The fate of a mooted multimillion-dollar technology park in Queenstown with up to 700 IT jobs — and potentially “thousands” more across New Zealand — hang in the balance after last month’s budget.
New Zealand-born US businessman Jason Neal says he is still pressing ahead with his plans for his former home town, but believes New Zealand’s “non-competitive” tax policy is hindering his efforts.
Neal, who runs software company GHS Global in San Francisco, wrote to Finance Minister Michael Cullen proposing an interim 15% corporate tax rate for new businesses to last between three and five years. He awaits a reply and is “disappointed” the idea was not taken up. At present, he says, New Zealand’s tax rate is “too high to compete with other countries”. Singapore and Ireland, for example, have rates as low as 10%, while Australia has just reduced its corporate tax rate to 30%.
Neal says he proposed measures that would ensure firms kept their investment in New Zealand once the interim period expired. “It’s sort of taking what Ireland has done … it would attract investment into New Zealand,” he says.

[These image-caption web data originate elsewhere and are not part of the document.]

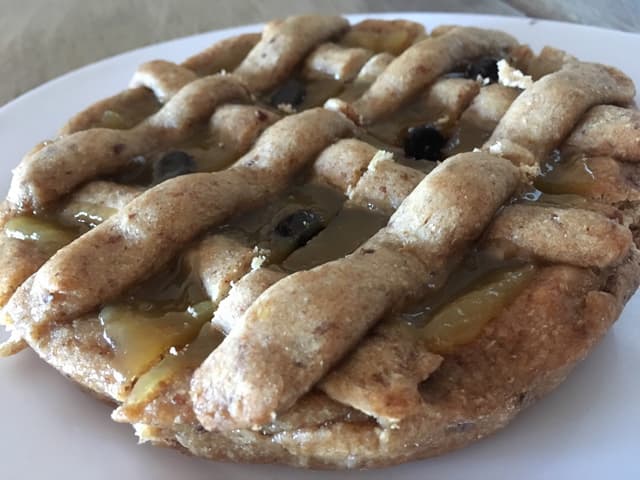 Photo of the dish “Pastafrola de dulce de batata y chocolate”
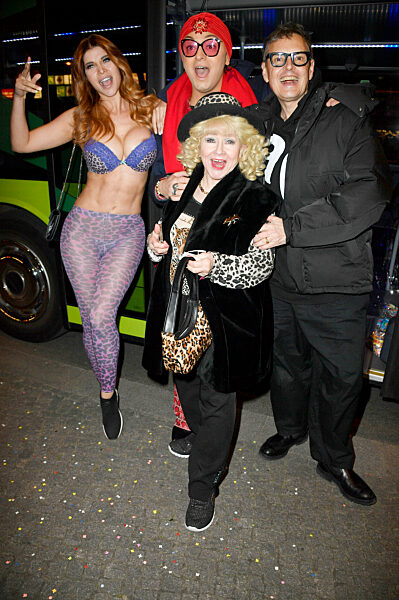 Pre-Party Bustour vor dem Geburtstag von Julian F.M. Stoeckel in Berlin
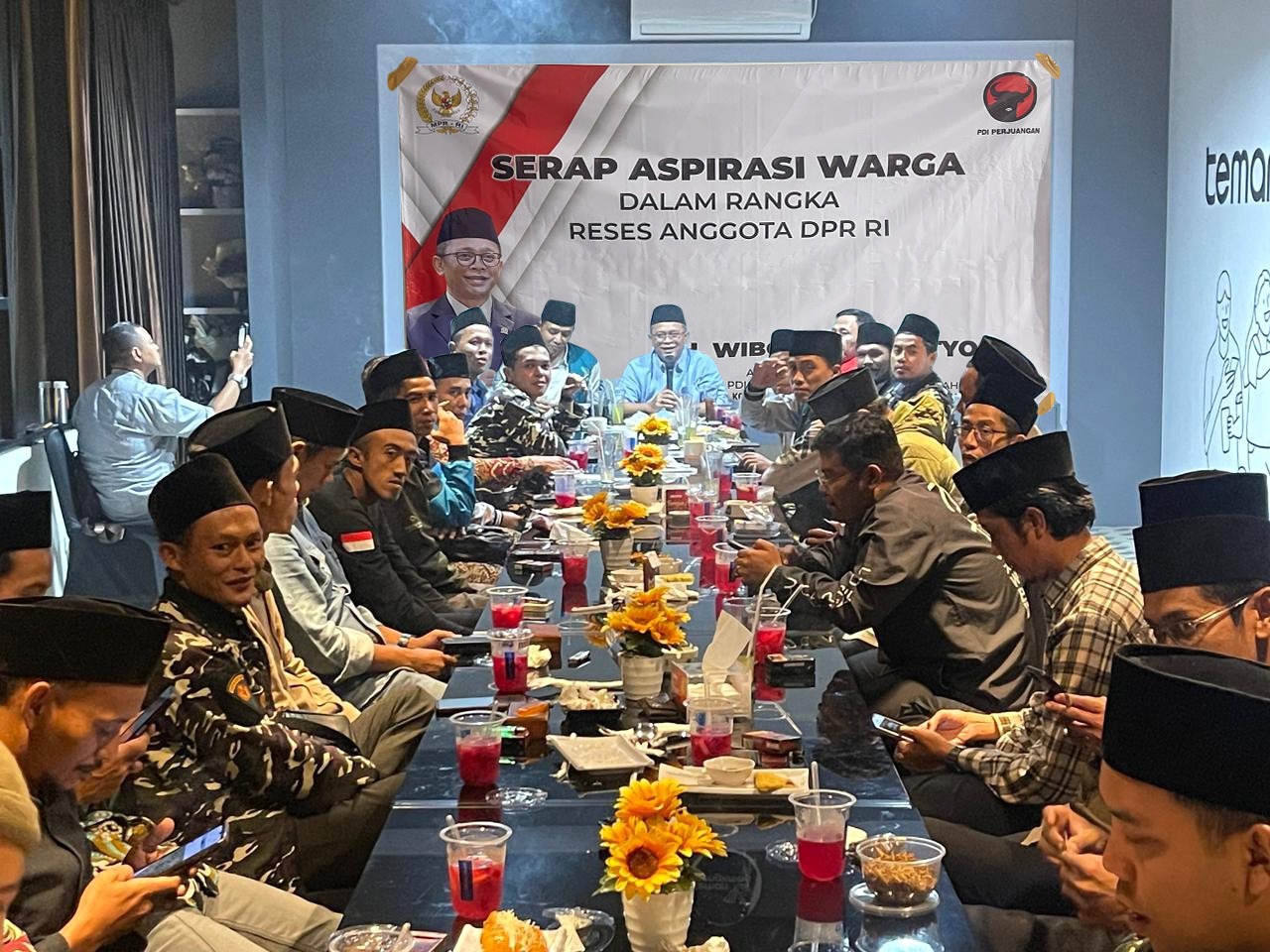Anggota Komisi VIII DPR RI Fraksi PDI Perjuangan Wibowo Prasetyo saat berdialog bersama jajaran Pengurus Cabang Gerakan Pemuda Ansor Kabupaten Temanggung.  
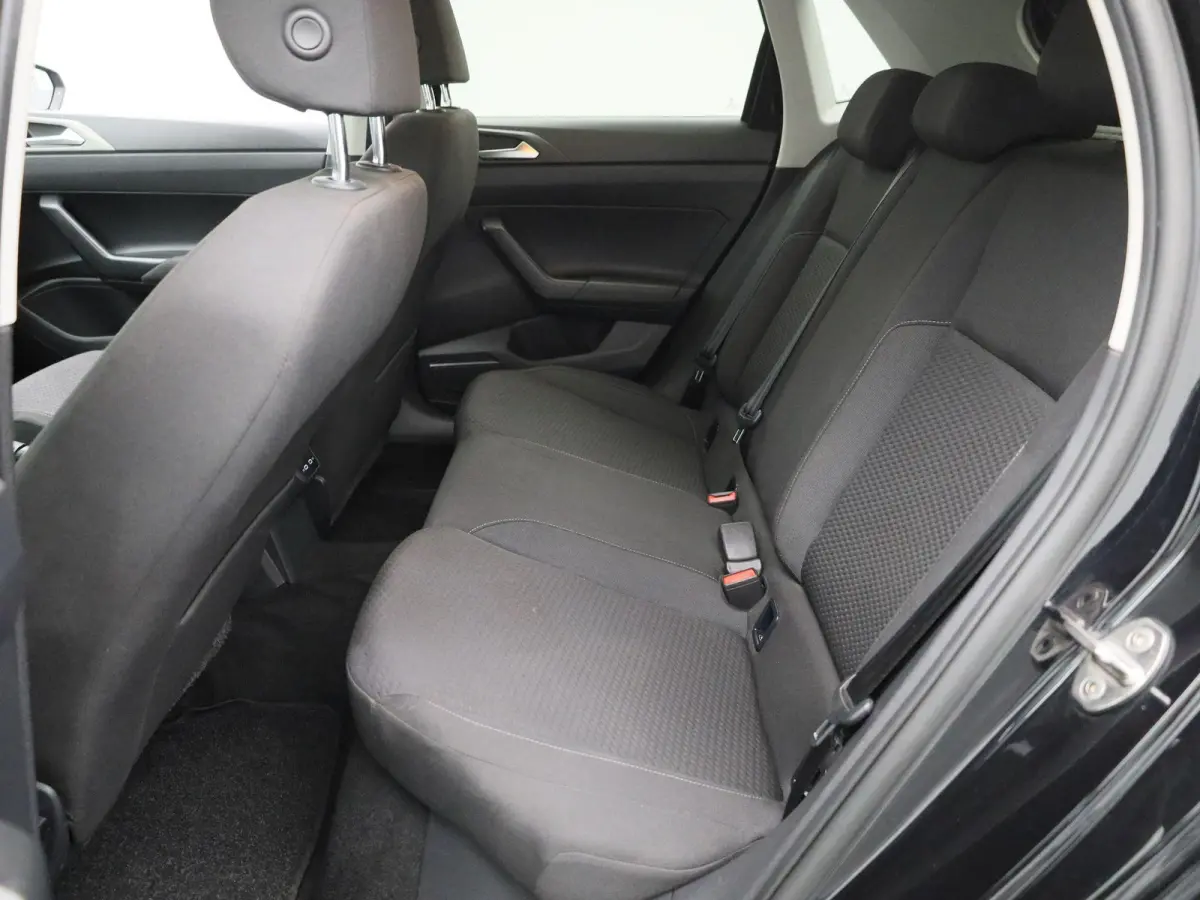 1.0 TSI R-Line Edition | Automaat | Apple Carplay / Android Auto | Achteruitrijcamera | Parkeersensoren | Lichtmetalen Velgen |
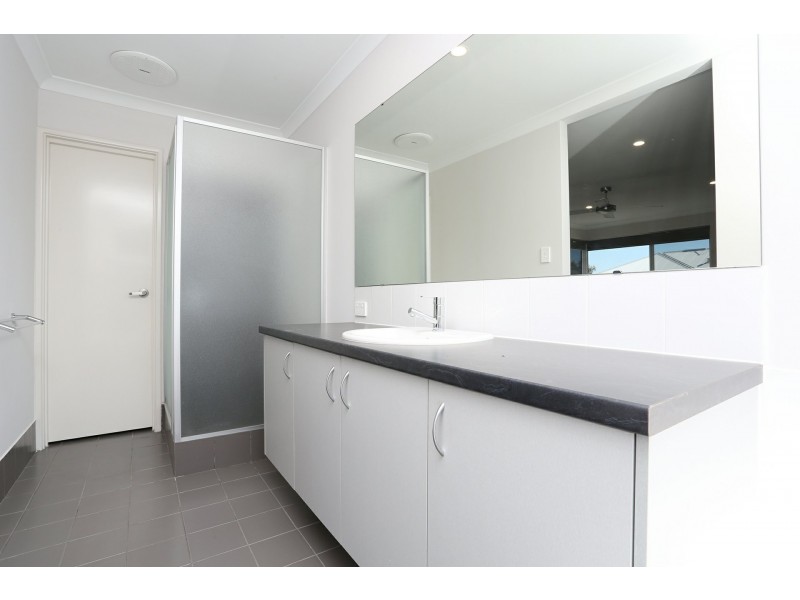 2 Mayali Bend, Banksia Grove WA 6031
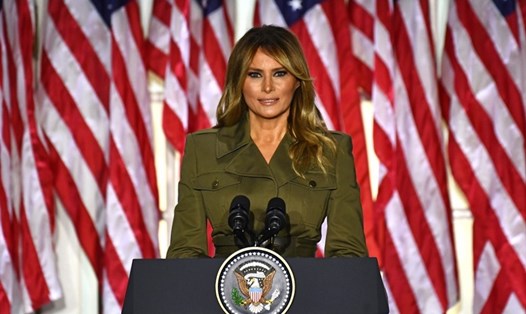 Đệ nhất phu nhân Mỹ Melania Trump phát biểu tại Vườn Hồng Nhà Trắng ngày 25.8 giúp chồng tranh cử. Ảnh: AFP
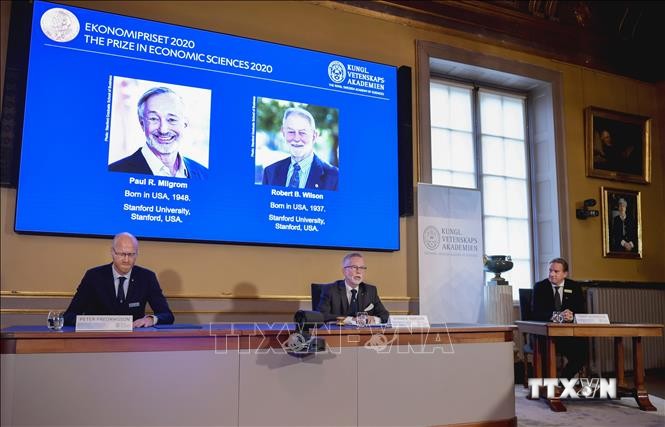 Chân dung hai nhà kinh tế người Mỹ (trên màn hình) Paul. R.Milgrom (trái) và Robert B.Winson đoạt giải Nobel Kinh tế 2020 trong cuộc họp báo công bố giải Nobel ở Stockholm, Thụy Điển ngày 12/10/2020. Ảnh: AFP/TTXVN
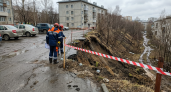 Грунт у жилого дома в Новочебоксарске сполз в овраг: установлены маяки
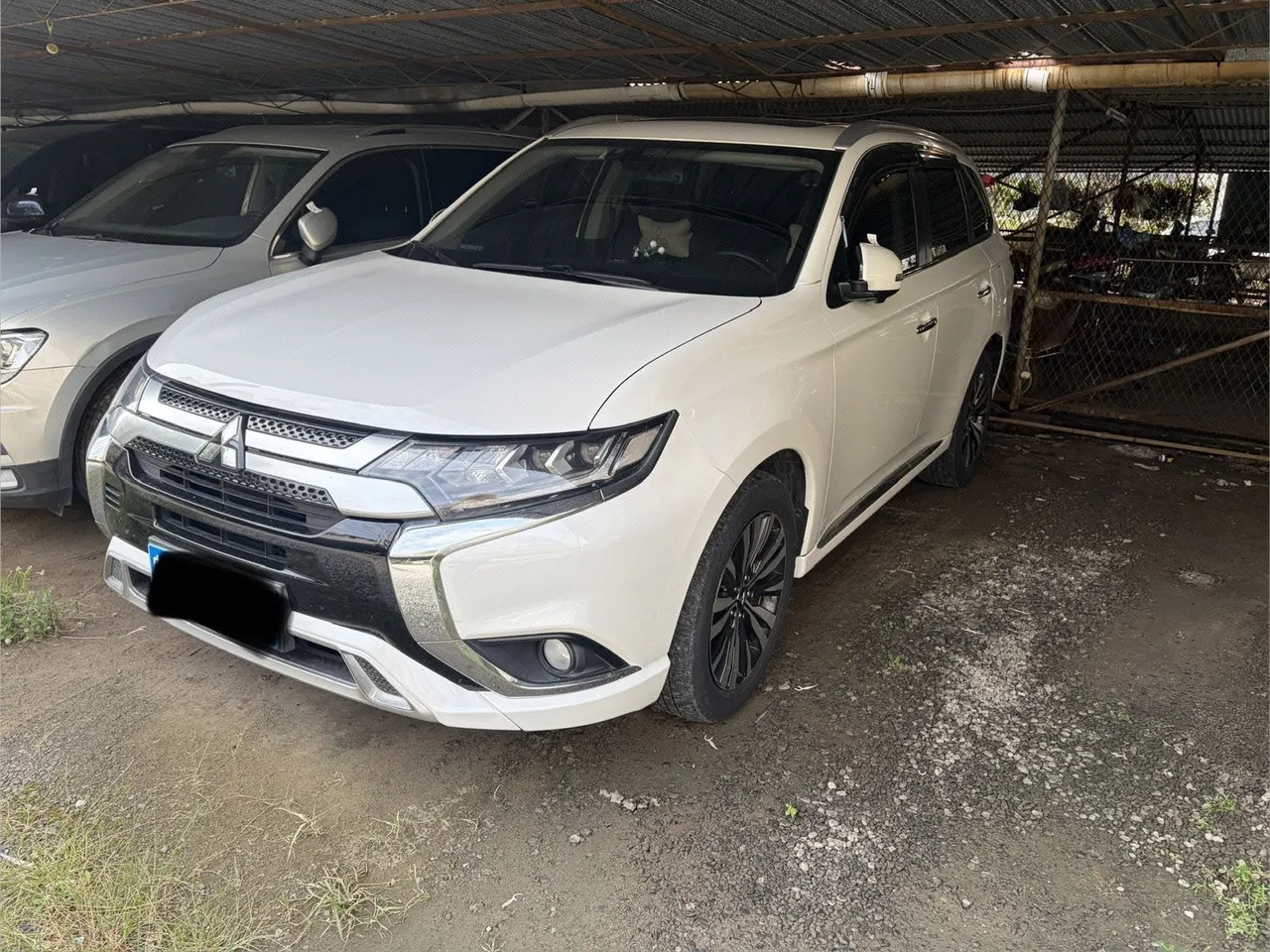 Открыть галерею: Mitsubishi 2021 Outlander 2.4 stepless four-wheel drive to enjoy the version of 7-seat automatic gear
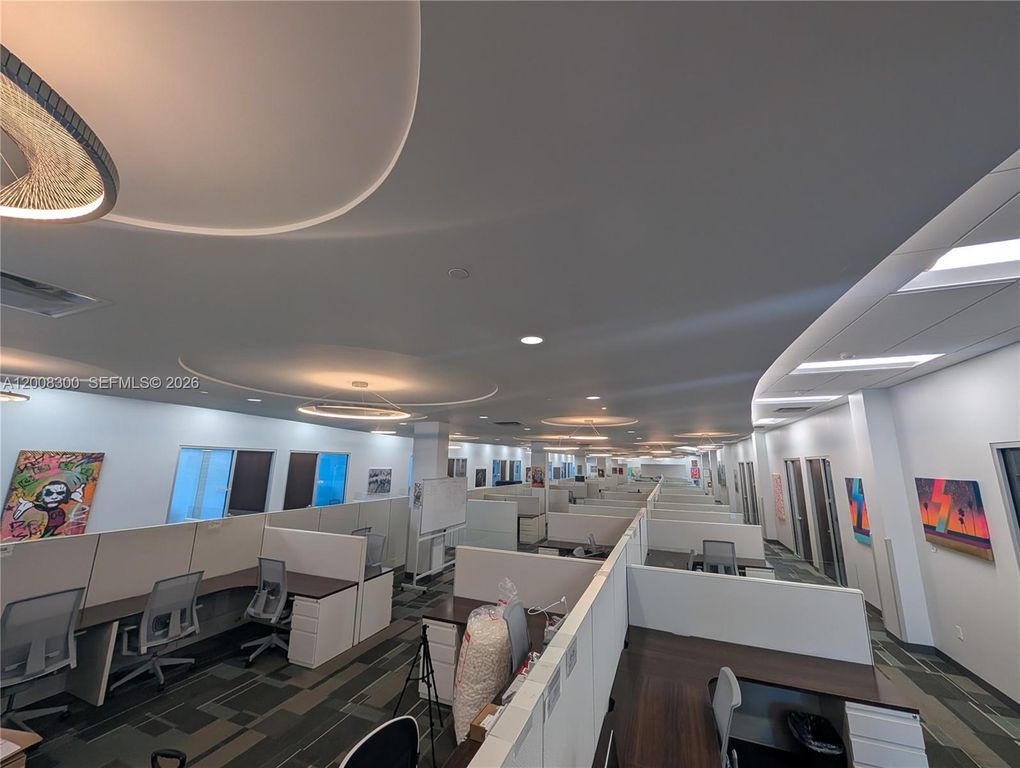1501 Biscayne Blvd INT, Miami, FL 33132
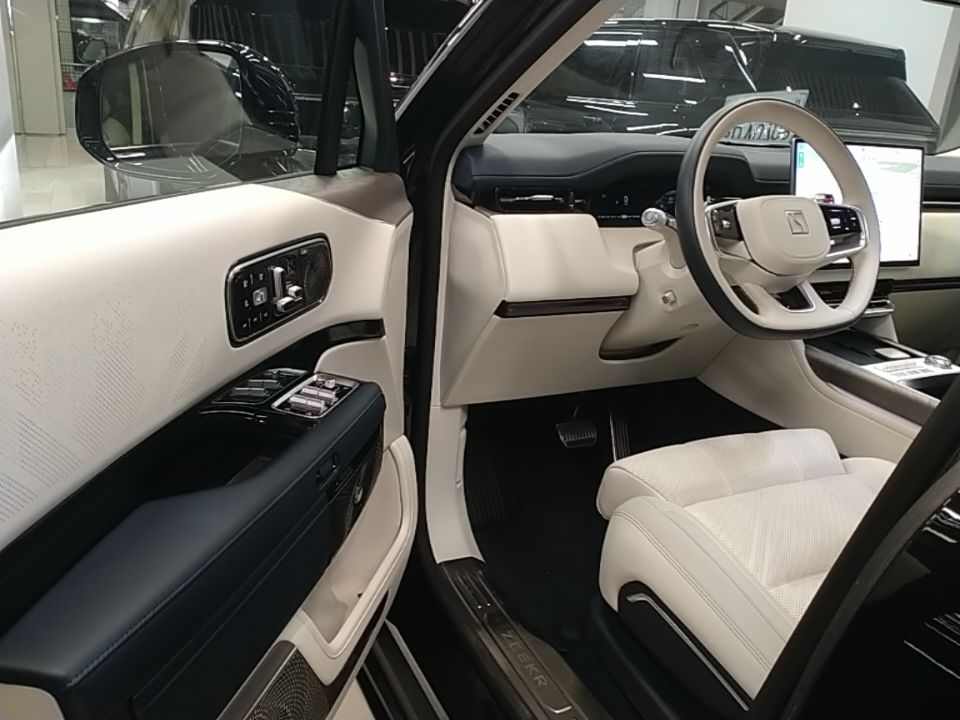 Zeekr 9X 2025 Ultra Edition 70kWh — снимка 18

He is critical of the $100 million Venture Capital Fund announced in the Budget, saying on the one hand it is a risky use of taxpayer dollars, but also that it is too small a sum. It focuses on the R&D phase rather than bringing new products to market, he says, and firms are wary of any government involvement.
“There’s no incentive for the larger investors here. Overall I just think New Zealand is not doing enough to help itself,” he says.
Neal’s call for lower company taxes is backed by ITANZ chief executive Jim O’Neill and other business leaders.
“We must be wary of the gulf that exists in the corporate tax world between Australia and New Zealand,” O’Neill says. “We are still somewhat anxious that we are not using the tax system to our advantage and to direct business investment to New Zealand,” O’Neill says.
“In promoting local and foreign investment, nothing in the budget addresses this,” says Employers and Manufacturers Association CEO Alasdair Thompson.